(Task directions):
Set down all of the data that follows word for word, without the images.

(Records to process):
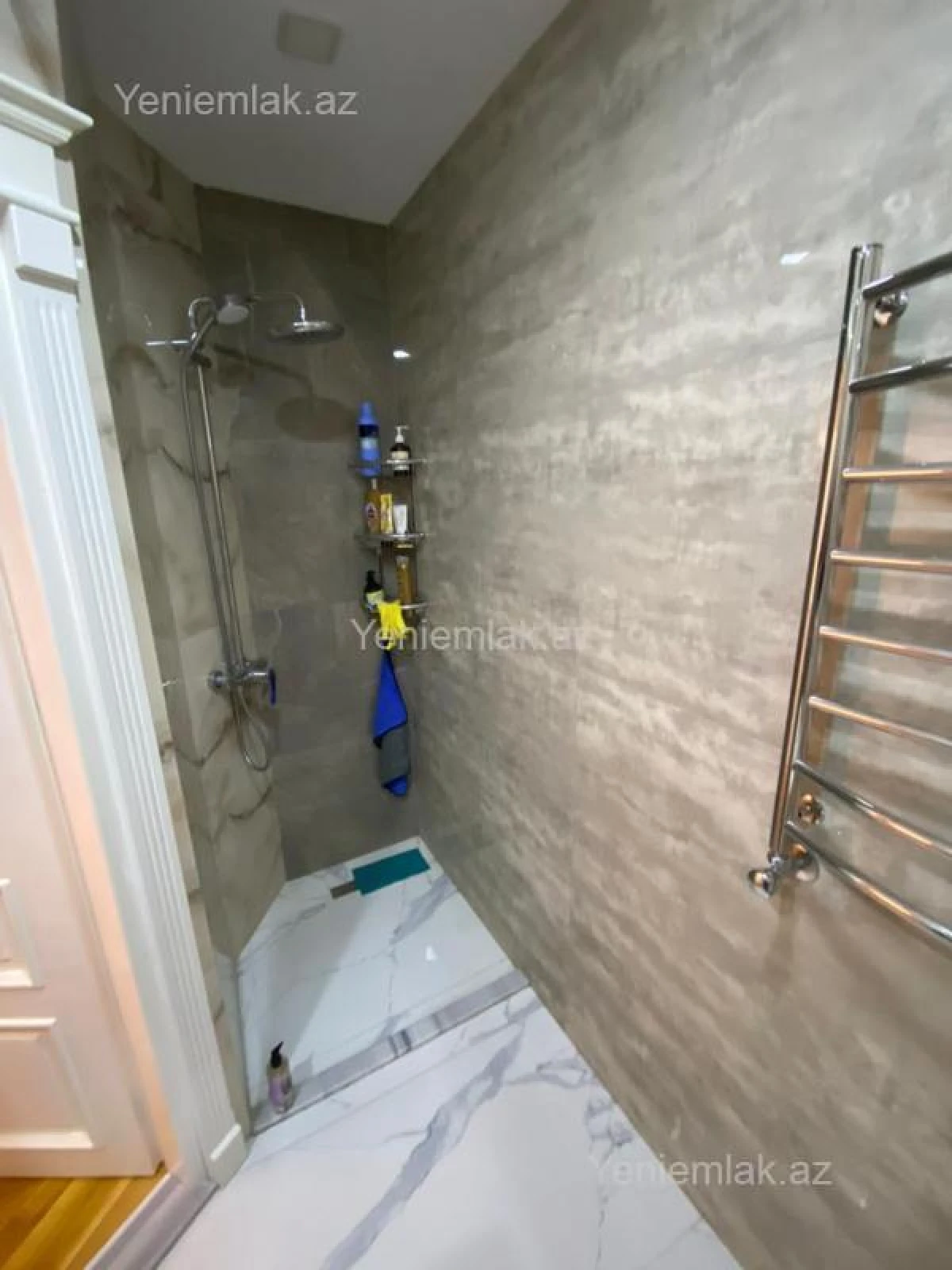 Satılır 3 otaqlı yeni tikili 110 m²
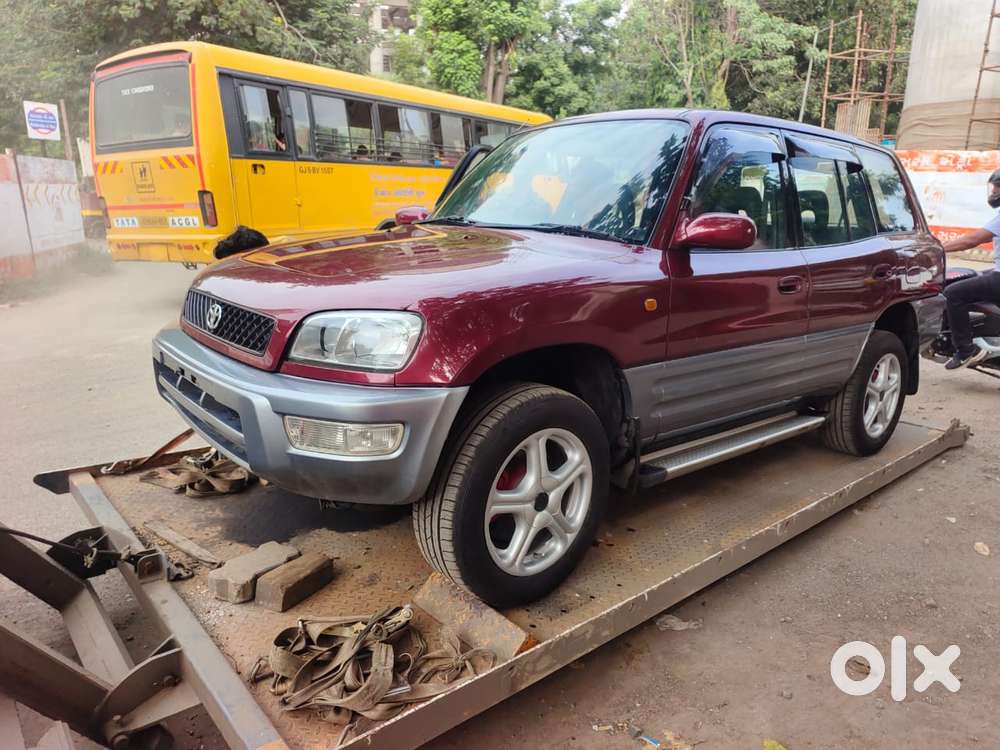 Toyota Urban Cruiser Cruiser High, 2002, Petrol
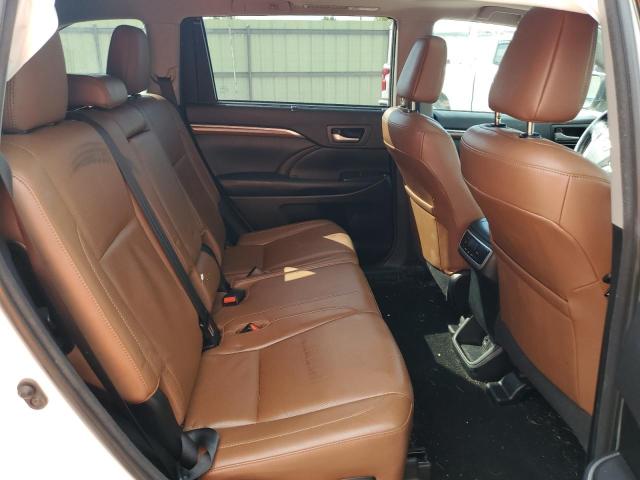 Photo 11 from auction – 2018 TOYOTA HIGHLANDER with VIN 5TDDZRFH3JS887570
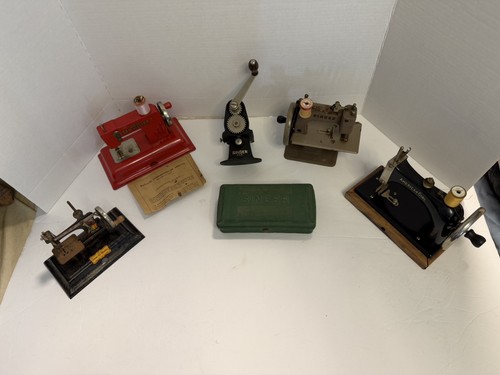 Old mini sewing machines - mini,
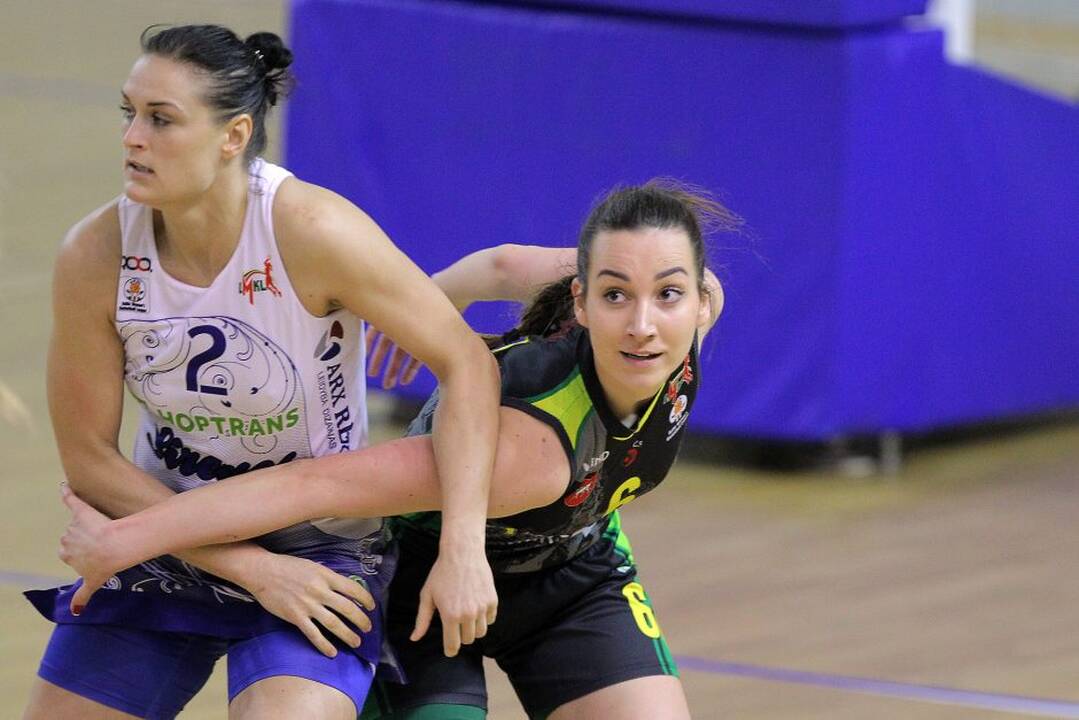 LMKL: Kauno rajono „Hoptrans-Sirenos“ – Kauno „Aistės-LSU“ 95:49.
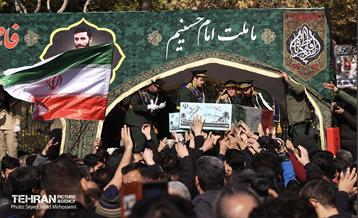 تشییع پیکرهای ۱۰۰ شهید گمنام از مقابل دانشگاه تهران 12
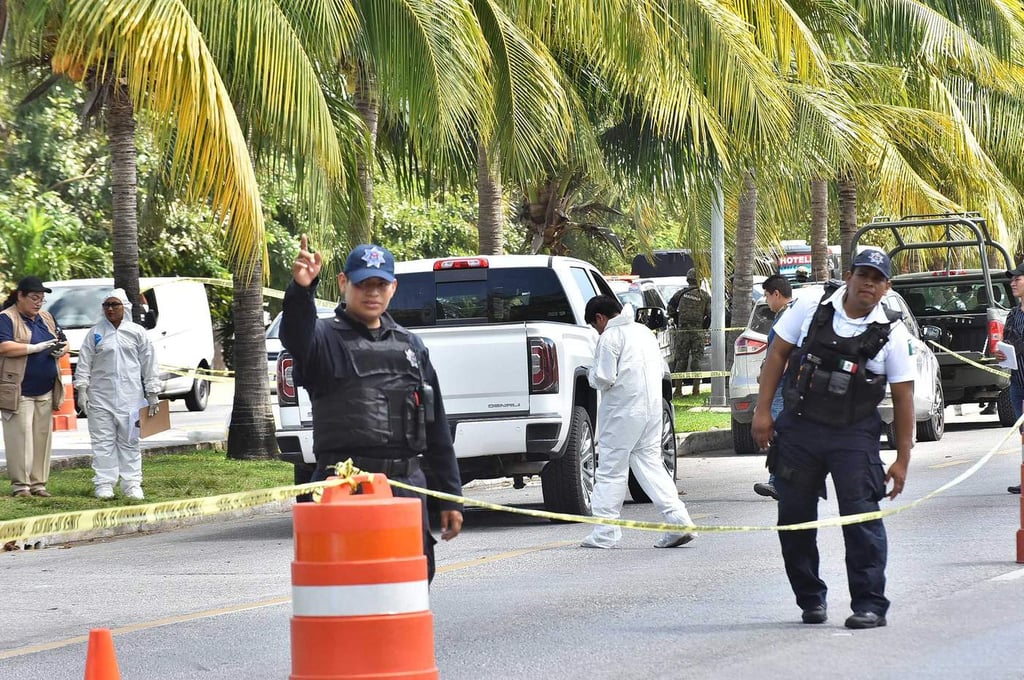 Suman tres muertos tras balacera en Cancún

(Output for this exercise):
 Satılır 3 otaqlı yeni tikili 110 m²
 Toyota Urban Cruiser Cruiser High, 2002, Petrol
 Photo 11 from auction – 2018 TOYOTA HIGHLANDER with VIN 5TDDZRFH3JS887570
 Old mini sewing machines - mini,
 LMKL: Kauno rajono „Hoptrans-Sirenos“ – Kauno „Aistės-LSU“ 95:49.
 تشییع پیکرهای ۱۰۰ شهید گمنام از مقابل دانشگاه تهران 12
 Suman tres muertos tras balacera en Cancún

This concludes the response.